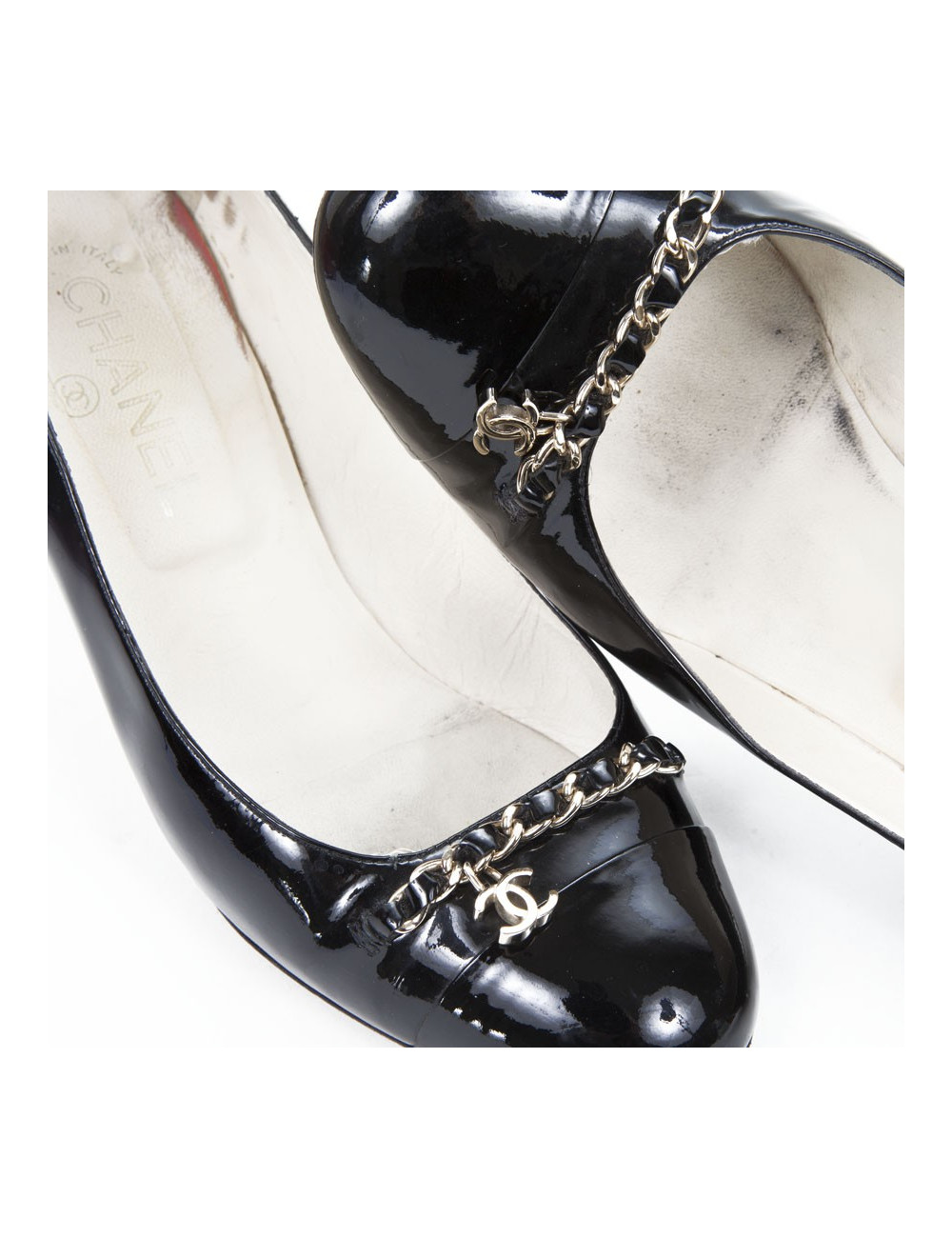 CHANEL shoes T 39.5 C Black patent leather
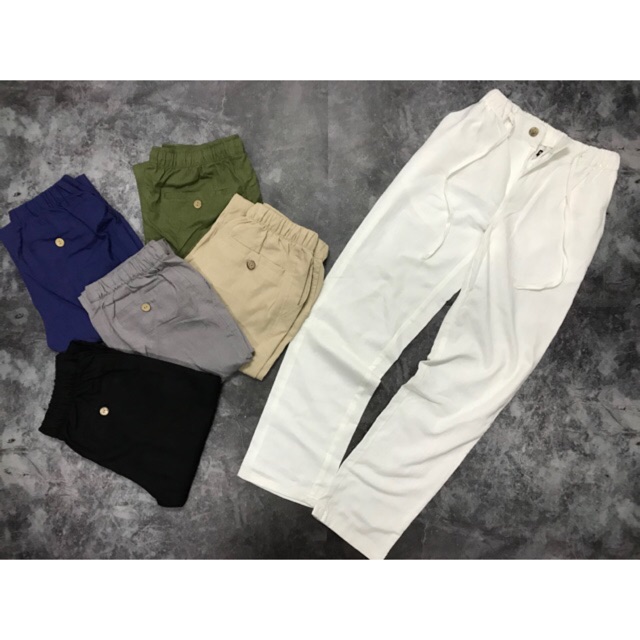 Quần đũi nam quần đũi dài vải đũi cotton mộc mạc thoáng mát qdd1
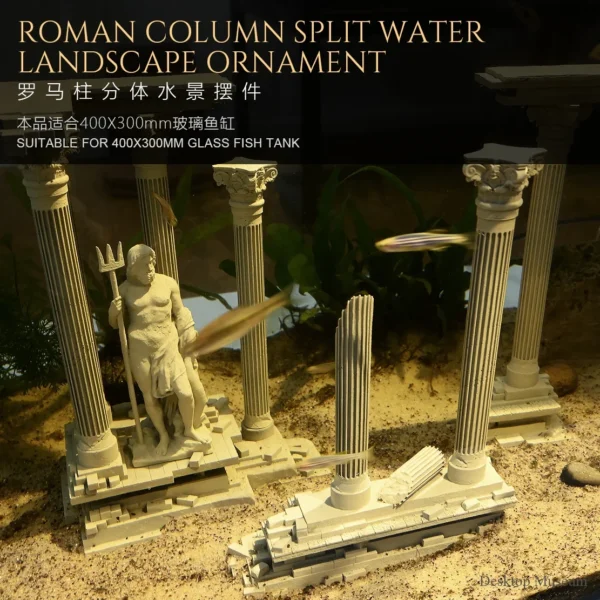 Full height 185mm fish tank water feature Roman column decoration LTCP-407 - Image 4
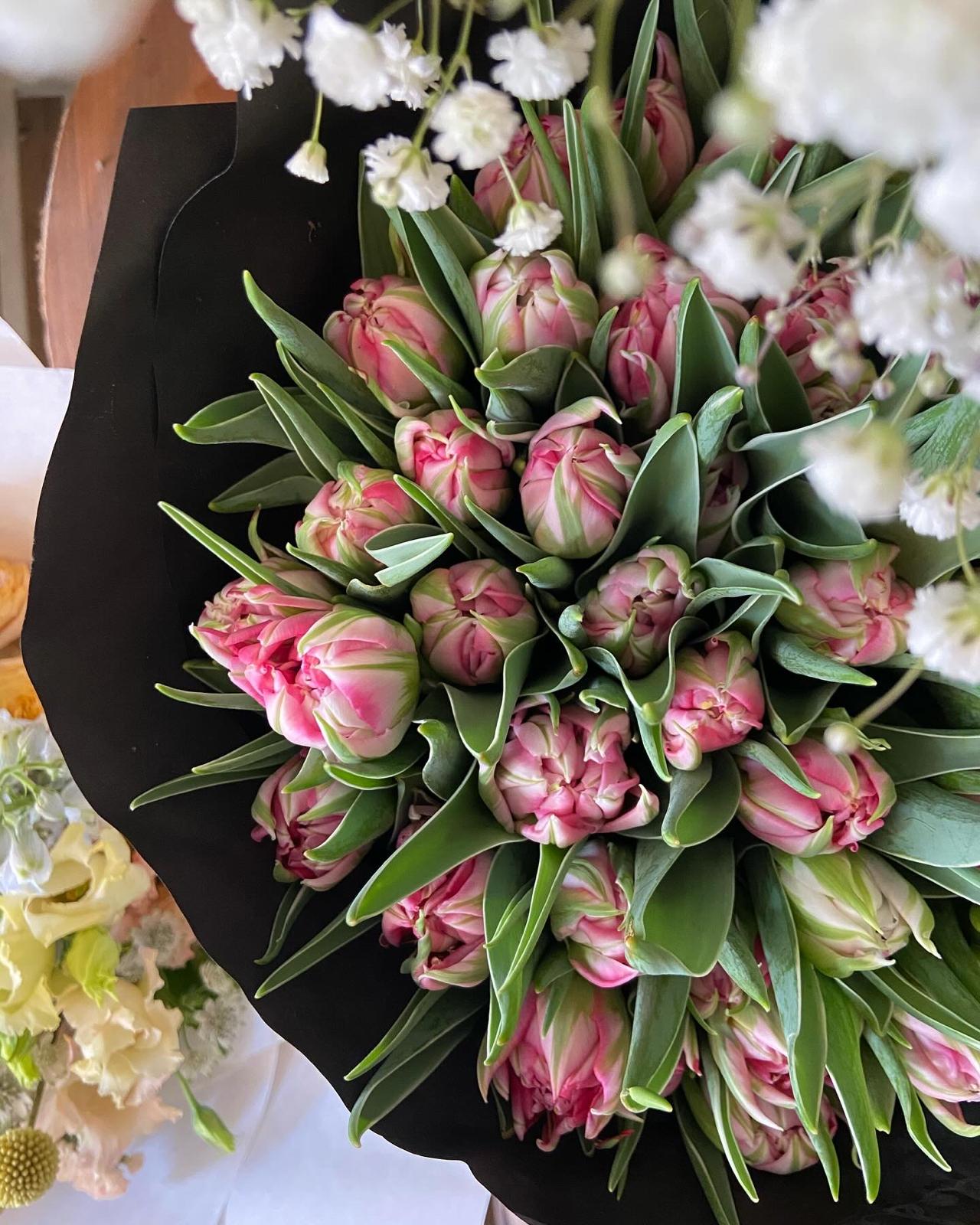 An Armful of Mixed British Tulips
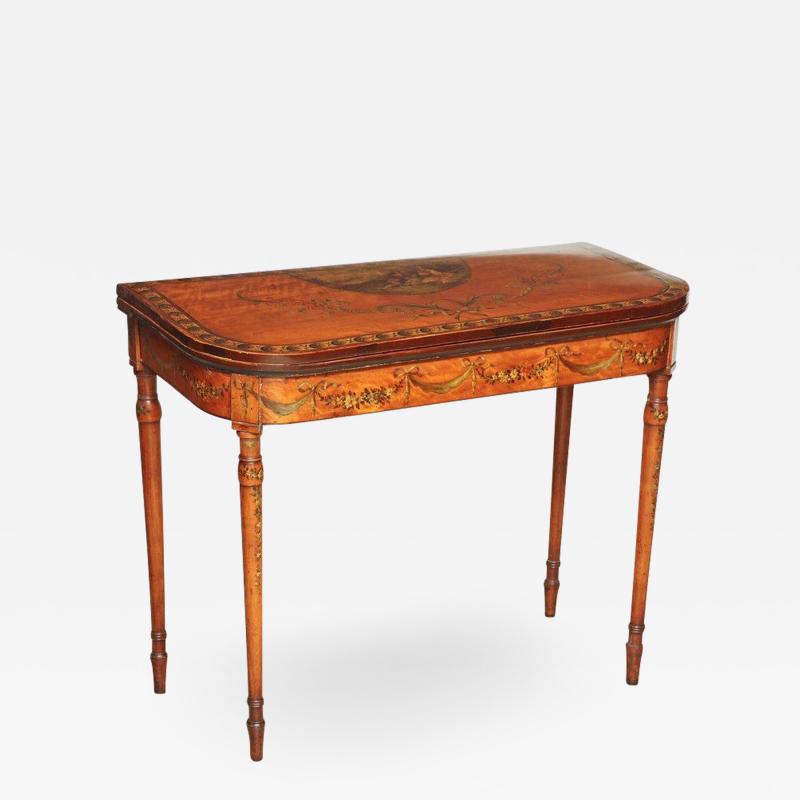 Sheraton Satinwood Painted Card Table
————————
Exercise prompt >>
Make an exact copy of the lines of the records from the line containing "Full height 185mm" through the final line, both ends included, but not of the pictures.

Written answer >>
 Full height 185mm fish tank water feature Roman column decoration LTCP-407 - Image 4
 An Armful of Mixed British Tulips
 Sheraton Satinwood Painted Card Table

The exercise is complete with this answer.